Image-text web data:
--------

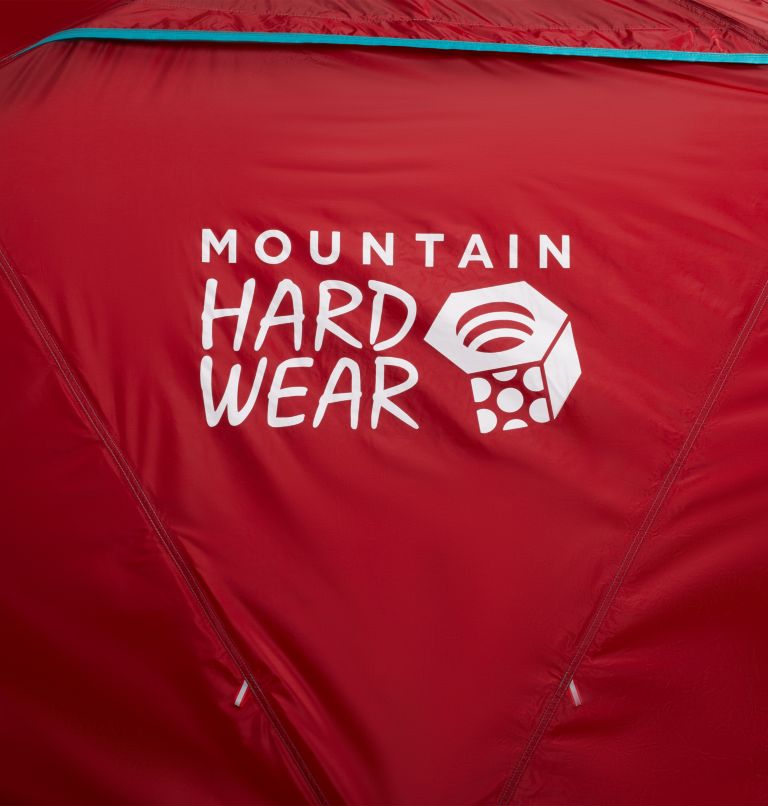 Outpost 2 Tent, Color: Alpine Red, image 6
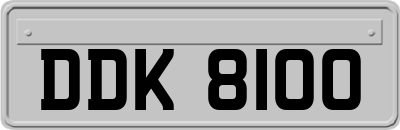 DDK8100
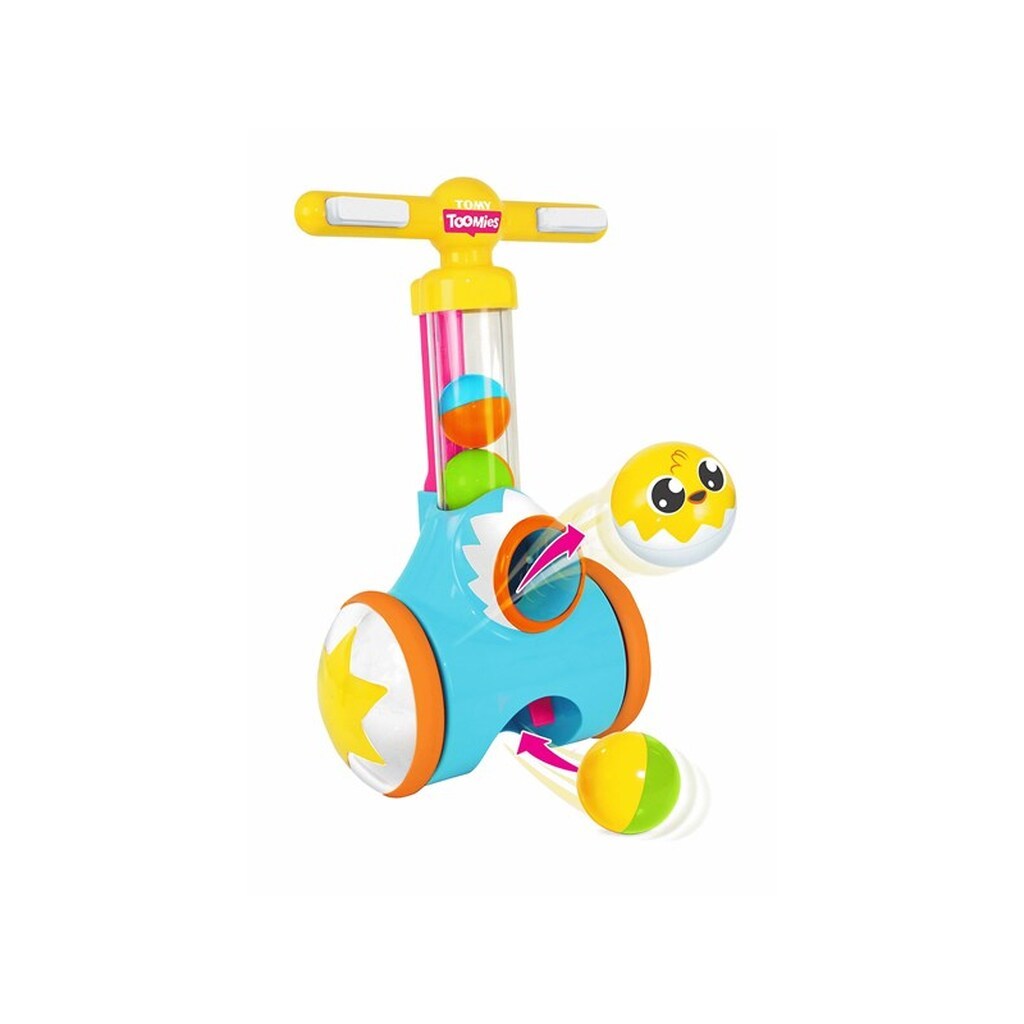 Toomies Pic &amp; Pop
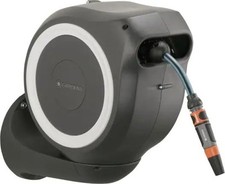 Gardena Wandschlauchbox RollUp S mit 15 m Gardena Schlauch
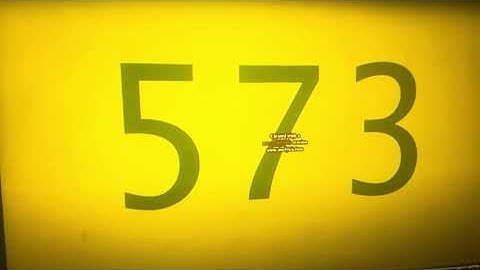 Challenge Countdown From 1035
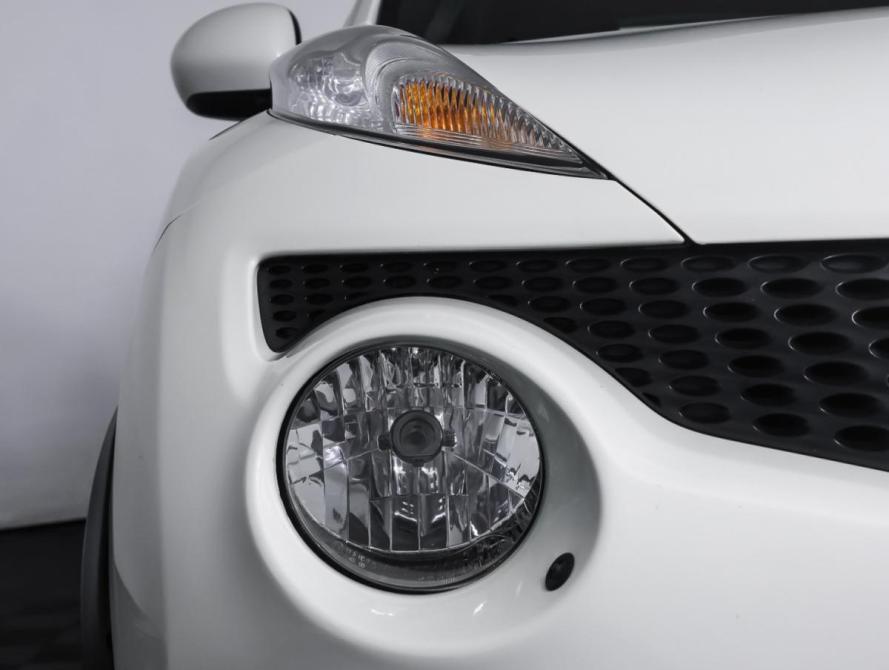 Nissan Juke I Москва  - изображение 19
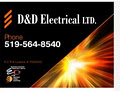 D&D Electrical image 2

--------

• Problem statement: When you set down the records above, copy every line exactly and exclude the pictures.

• Response to the task:
 Outpost 2 Tent, Color: Alpine Red, image 6
 DDK8100
 Toomies Pic &amp; Pop
 Gardena Wandschlauchbox RollUp S mit 15 m Gardena Schlauch
 Challenge Countdown From 1035
 Nissan Juke I Москва  - изображение 19
 D&D Electrical image 2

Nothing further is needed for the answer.